Data excerpts –
════════════════════
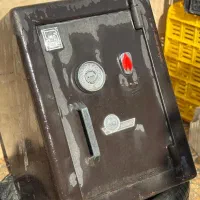 گاوصندوق قدیمی مارک کاوه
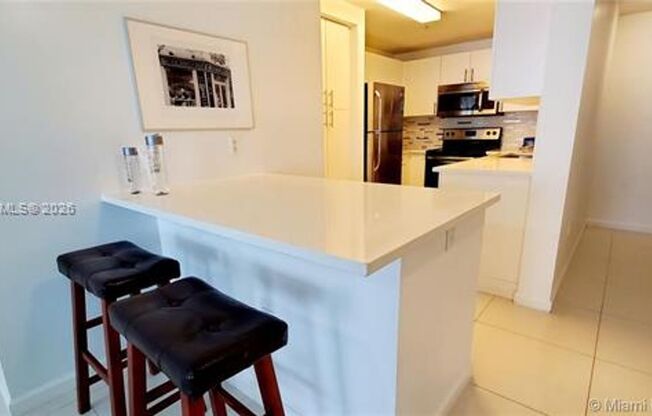 2 beds, 2 baths, $3,600, Unit # 1203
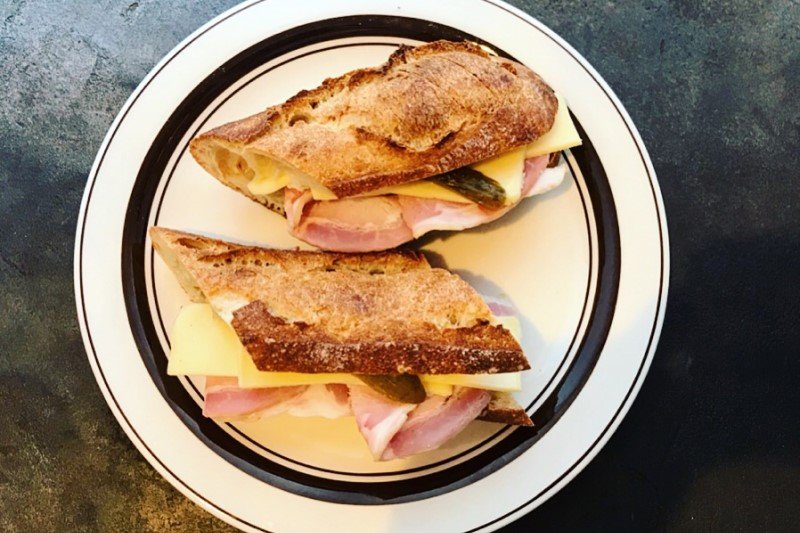 サンドイッチは日替わりで4種類を提供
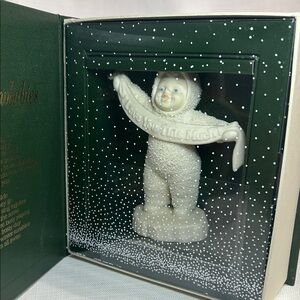 Snowbabies - "I Love You This Much” Figurine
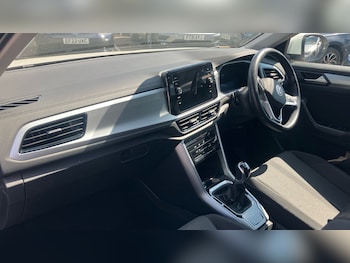 Used Volkswagen T-Roc 2023 for sale - 79330114: Photo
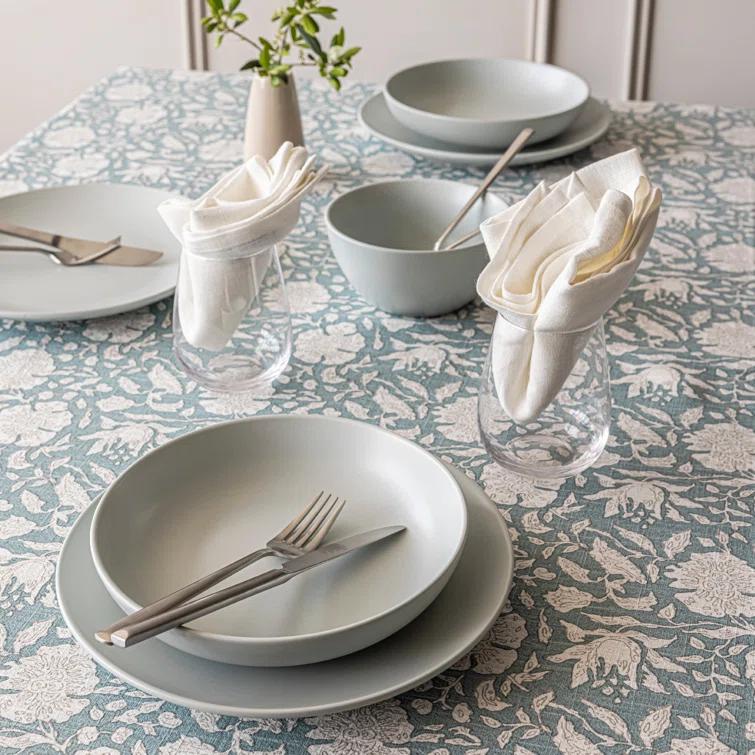 over&back Hand-Blocked Tablecloth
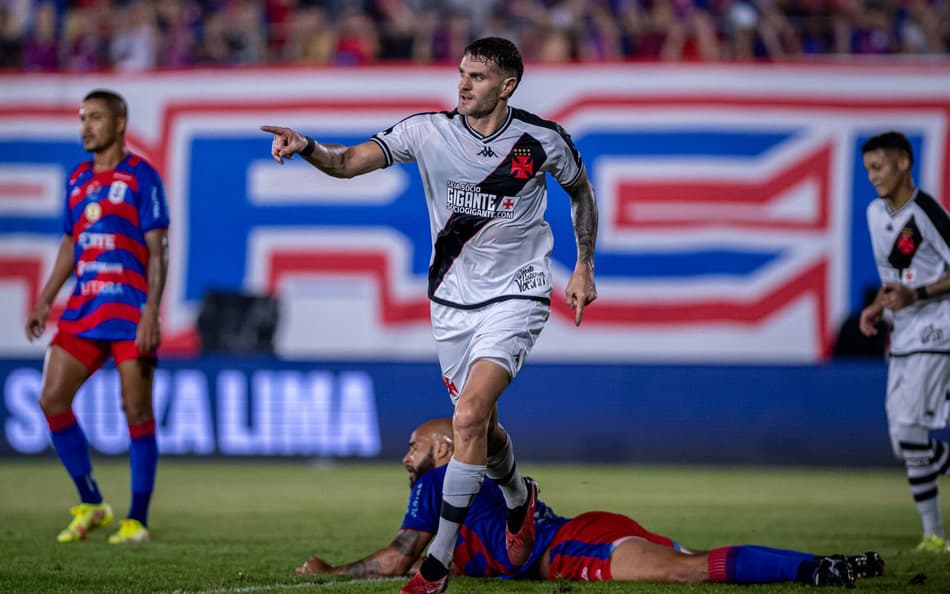 Torcida do Marcílio Dias provoca, e torcedores do Vasco 'transformam' estádio em São Januário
════════════════════
Exercise details –
Would you retype exactly the lines running from the line that contains "2 beds, 2 baths, $3,600, Unit # 1203" through the end of the listing above, both included? Skip every picture.

Expected answer –
 2 beds, 2 baths, $3,600, Unit # 1203
 サンドイッチは日替わりで4種類を提供
 Snowbabies - "I Love You This Much” Figurine
 Used Volkswagen T-Roc 2023 for sale - 79330114: Photo
 over&back Hand-Blocked Tablecloth
 Torcida do Marcílio Dias provoca, e torcedores do Vasco 'transformam' estádio em São Januário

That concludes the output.